File I/O

Saving model state

Two real problems training pipelines hit constantly:

  • Crash recovery — a 12-hour training run dies in hour
    1. Did we just lose 9 hours of compute?
  • Deployment — model trains on a research box; needs to serve from a production cluster, possibly in a different language or runtime.

Both reduce to “save the parameters, recreate the model elsewhere”. The crucial split:

   architecture  ──>  Python code  (committed to git)
   parameters    ──>  on-disk file (the .pt / .ckpt / .safetensors)
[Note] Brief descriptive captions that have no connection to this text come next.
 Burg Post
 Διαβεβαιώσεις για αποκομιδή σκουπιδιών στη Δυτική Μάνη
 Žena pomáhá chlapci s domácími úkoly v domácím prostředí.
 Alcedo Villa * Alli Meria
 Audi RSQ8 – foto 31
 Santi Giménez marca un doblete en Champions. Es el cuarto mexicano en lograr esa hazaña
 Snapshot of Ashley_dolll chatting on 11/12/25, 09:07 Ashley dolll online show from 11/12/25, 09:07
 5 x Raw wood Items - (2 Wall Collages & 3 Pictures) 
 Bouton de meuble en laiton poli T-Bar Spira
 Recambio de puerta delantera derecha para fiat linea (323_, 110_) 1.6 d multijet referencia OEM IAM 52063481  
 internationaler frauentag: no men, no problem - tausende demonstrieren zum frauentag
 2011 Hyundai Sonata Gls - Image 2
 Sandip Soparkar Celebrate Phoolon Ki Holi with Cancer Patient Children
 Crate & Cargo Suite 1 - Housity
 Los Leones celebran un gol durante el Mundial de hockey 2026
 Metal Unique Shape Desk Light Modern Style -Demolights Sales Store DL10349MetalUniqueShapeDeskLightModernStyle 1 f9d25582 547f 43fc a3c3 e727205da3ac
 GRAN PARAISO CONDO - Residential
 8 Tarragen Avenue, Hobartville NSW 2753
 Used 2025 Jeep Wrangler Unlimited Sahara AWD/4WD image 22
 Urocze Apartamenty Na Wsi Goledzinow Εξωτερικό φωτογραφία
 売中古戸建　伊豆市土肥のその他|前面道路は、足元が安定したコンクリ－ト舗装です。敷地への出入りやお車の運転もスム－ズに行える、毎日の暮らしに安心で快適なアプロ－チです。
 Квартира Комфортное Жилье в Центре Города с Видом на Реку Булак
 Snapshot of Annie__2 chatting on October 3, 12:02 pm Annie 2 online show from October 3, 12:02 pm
You save the state, not the class. To resurrect: import the same class, instantiate, then load_state_dict. This section covers both halves of the workflow.

Saving and loading raw tensors

First the building block: torch.save / torch.load work on any tensor, list of tensors, or dict thereof:

import torch
from torch import nn
from torch.nn import functional as F
x = torch.arange(4)
torch.save(x, 'x-file')
x2 = torch.load('x-file', weights_only=True)
x2
tensor([0, 1, 2, 3])

weights_only=True is the default since 2024 — pickle in PyTorch checkpoints can execute arbitrary code, so this sandboxes loading.

Containers of tensors

Lists and dicts work the same — perfect for grouping related tensors together (e.g. weights of one block, plus its running statistics):

y = torch.zeros(4)
torch.save([x, y],'x-files')
x2, y2 = torch.load('x-files', weights_only=True)
(x2, y2)
(tensor([0, 1, 2, 3]), tensor([0., 0., 0., 0.]))
mydict = {'x': x, 'y': y}
torch.save(mydict, 'mydict')
mydict2 = torch.load('mydict', weights_only=True)
mydict2
{'x': tensor([0, 1, 2, 3]), 'y': tensor([0., 0., 0., 0.])}

A model to save

class MLP(nn.Module):
    def __init__(self):
        super().__init__()
        self.hidden = nn.LazyLinear(256)
        self.output = nn.LazyLinear(10)

    def forward(self, x):
        return self.output(F.relu(self.hidden(x)))

net = MLP()
X = torch.randn(size=(2, 20))
Y = net(X)

state_dict() — the canonical interface

Every Module exposes a state_dict() — an ordered dict mapping parameter paths to tensor values:

{
  'hidden.weight':  Tensor (256, 20),
  'hidden.bias':    Tensor (256,),
  'output.weight':  Tensor (10, 256),
  'output.bias':    Tensor (10,),
}

The keys come from the module tree (self.hiddenhidden). Save this dict, not the module:

torch.save(net.state_dict(), 'mlp.params')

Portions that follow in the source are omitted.